C++ parameter pack, constrained to have instances of a single type?

Question

Since C++11 we can make template functions which can accept any sequence of arguments:

template <typename... Ts>
void func(Ts &&... ts) {
   step_one(std::forward<Ts>(ts)...);
   step_two(std::forward<Ts>(ts)...);
}

However, suppose that it really only makes sense to call my function in the case where each argument has the same type -- any number of arguments would be okay though.

What's the best way to do that, i.e. is there a good way to constrain the templates to make a nice error message in that case, or ideally, eliminate func from participating in overload resolution when the arguments don't match?

---

I can make it really concrete if it helps:

Suppose I have some struct:

struct my_struct {
  int foo;
  double bar;
  std::string baz;
};

Now, I want to be able to do things like, print the members of the struct for debugging purposes, serialize and deserialize the struct, visit the members of the struct in sequence, etc.

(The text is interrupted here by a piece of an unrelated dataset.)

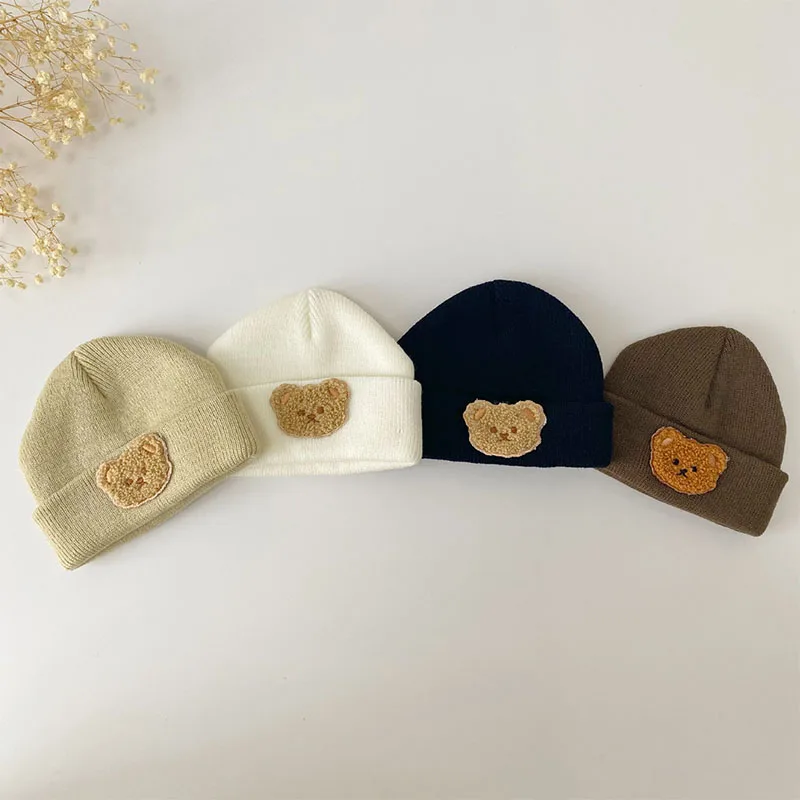 Fashion cotton fabric winter kids caps customized baby hats Unisex newborn baby beanie hats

I have some code to help with that:

template <typename V>
void apply_visitor(V && v, my_struct & s) {
  std::forward<V>(v)("foo", s.foo);
  std::forward<V>(v)("bar", s.bar);
  std::forward<V>(v)("baz", s.baz);
}

template <typename V>
void apply_visitor(V && v, const my_struct & s) {
  std::forward<V>(v)("foo", s.foo);
  std::forward<V>(v)("bar", s.bar);
  std::forward<V>(v)("baz", s.baz);
}

template <typename V>
void apply_visitor(V && v, my_struct && s) {
  std::forward<V>(v)("foo", std::move(s).foo);
  std::forward<V>(v)("bar", std::move(s).bar);
  std::forward<V>(v)("baz", std::move(s).baz);
}

(It looks a bit laborious to generate code like this, but I made a small library some time ago to help with that.)

So, now I would like to extend it so that it can visit two instances of my_struct at the same time. The use of that is, what if I want to implement equality or comparison operations. In boost::variant documentation they call that "binary visitation" as contrasted with "unary visitation".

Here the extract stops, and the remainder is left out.